── RECORD SET
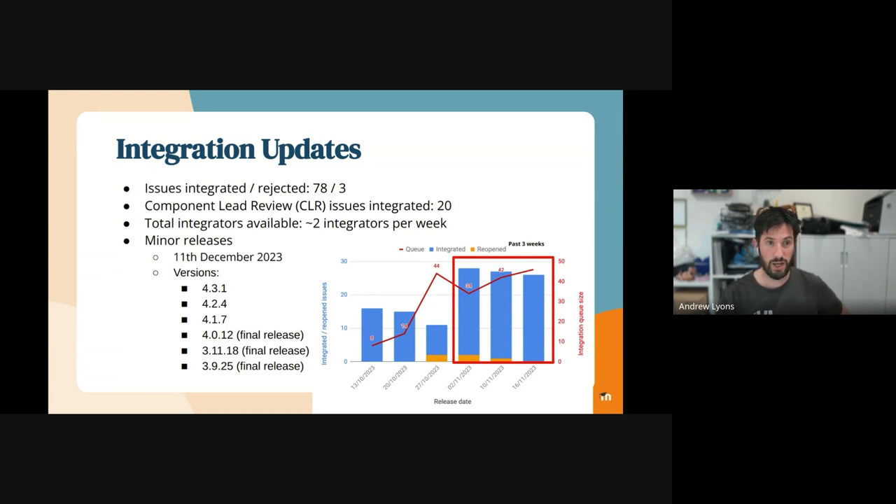But of those, three will be the final releases, and so we will be dropping support for three branches of Moodle and returning to only supporting three branches again, which we are all looking forward to because we've been supporting five or six branches for the last two years because of the parallel release for Moodle 4.0.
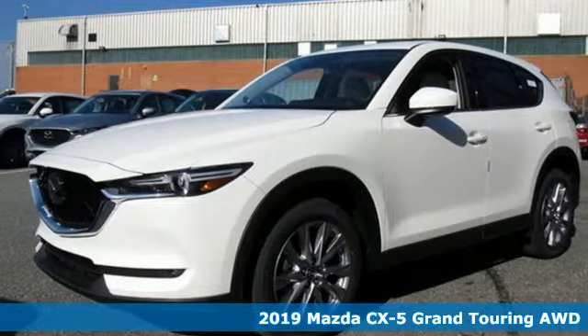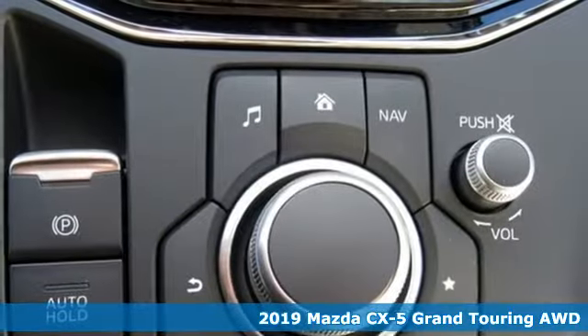Here's a new 2019 Mazda CX-5. With Mazda, driving's what matters most.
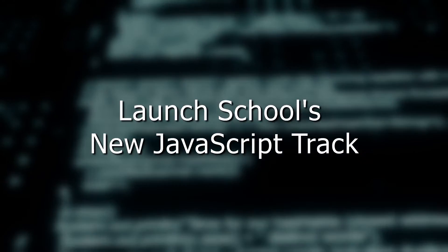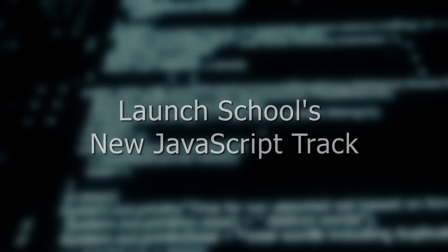Hey, what's going on guys? In this video, I want to talk about Launch School, my number one recommendation for coding boot camps or learning to code schools, and their new JavaScript track.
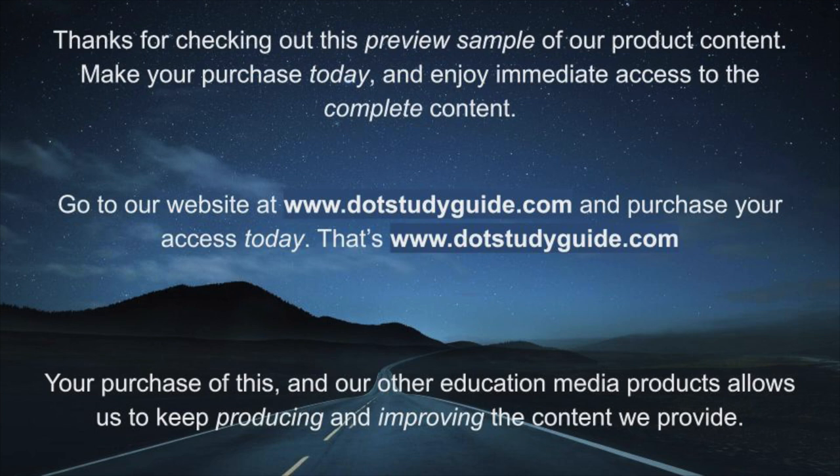Thanks for checking out this preview sample of our product content. Make your purchase today and enjoy immediate access to the complete content. Go to our website at www.dotstudyguide.com and purchase your access today. Your purchase of this and our other educational media products allows us to keep producing and improving the content we provide.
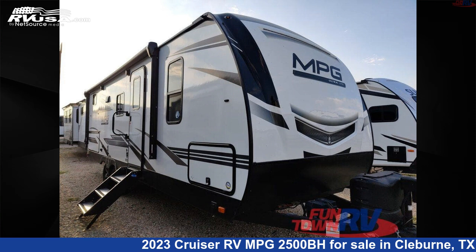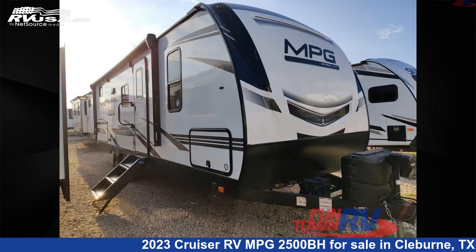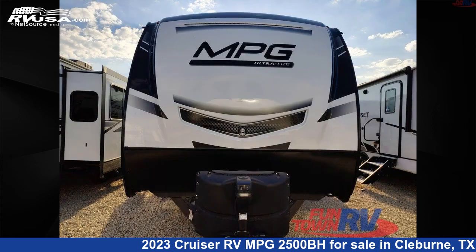This 2023 Cruiser RV MPG 2500BH is a travel trailer RV. It is located in Cleburne, Texas 76031 and is offered for sale by Funtown RV, Cleburne.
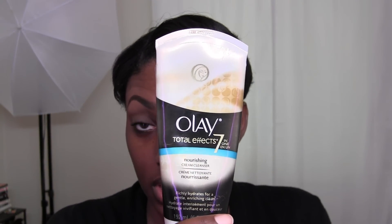For a face wash I use this Olay nourishing cream cleanser. I don't use this every day — maybe once a week, just to get everything off my face. Then I use witch hazel in a little spray bottle with a cotton pad. I use witch hazel on my face every day — in the morning right before I put on my moisturizer, and at night before I go to bed.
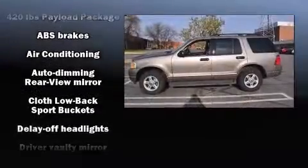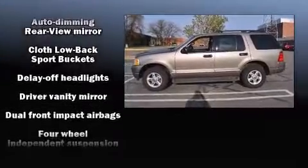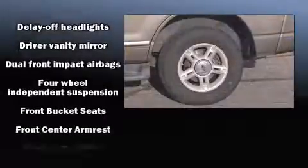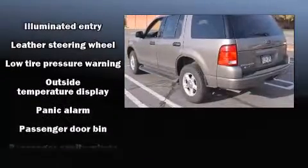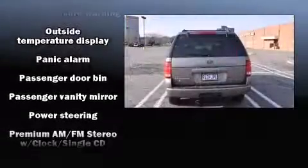All of the premium features expected of a Ford are offered, including front and rear reading lights, one-touch window functionality, a leather steering wheel, an automatic dimming rearview mirror, remote keyless entry, and much more.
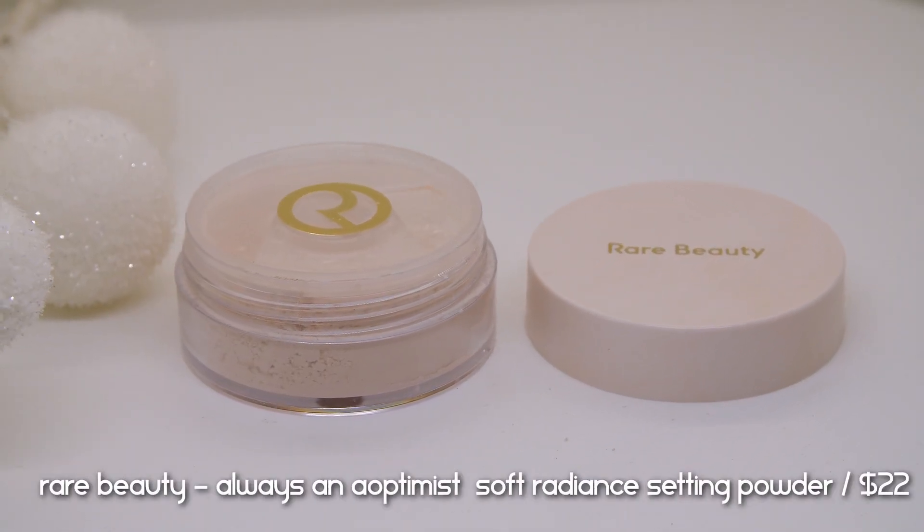My base is pretty much done with a solid coverage level I'm happy with. The next step is to set my face. I have the Rare Beauty Always an Optimist Soft Radiance Setting Powder, retailing for $22. I didn't care for their new skin tint but this powder — I had to try it. It comes in a big jar with 10 grams and three shades; I have it in Light, which has a little bit of a pinky undertone. The packaging has a cool lock mechanism.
────
TASK BRIEF
All records should be output exactly, with the pictures left out.

ANSWER BOX
But of those, three will be the final releases, and so we will be dropping support for three branches of Moodle and returning to only supporting three branches again, which we are all looking forward to because we've been supporting five or six branches for the last two years because of the parallel release for Moodle 4.0.
Here's a new 2019 Mazda CX-5. With Mazda, driving's what matters most.
Hey, what's going on guys? In this video, I want to talk about Launch School, my number one recommendation for coding boot camps or learning to code schools, and their new JavaScript track.
Thanks for checking out this preview sample of our product content. Make your purchase today and enjoy immediate access to the complete content. Go to our website at www.dotstudyguide.com and purchase your access today. Your purchase of this and our other educational media products allows us to keep producing and improving the content we provide.
This 2023 Cruiser RV MPG 2500BH is a travel trailer RV. It is located in Cleburne, Texas 76031 and is offered for sale by Funtown RV, Cleburne.
For a face wash I use this Olay nourishing cream cleanser. I don't use this every day — maybe once a week, just to get everything off my face. Then I use witch hazel in a little spray bottle with a cotton pad. I use witch hazel on my face every day — in the morning right before I put on my moisturizer, and at night before I go to bed.
All of the premium features expected of a Ford are offered, including front and rear reading lights, one-touch window functionality, a leather steering wheel, an automatic dimming rearview mirror, remote keyless entry, and much more.
My base is pretty much done with a solid coverage level I'm happy with. The next step is to set my face. I have the Rare Beauty Always an Optimist Soft Radiance Setting Powder, retailing for $22. I didn't care for their new skin tint but this powder — I had to try it. It comes in a big jar with 10 grams and three shades; I have it in Light, which has a little bit of a pinky undertone. The packaging has a cool lock mechanism.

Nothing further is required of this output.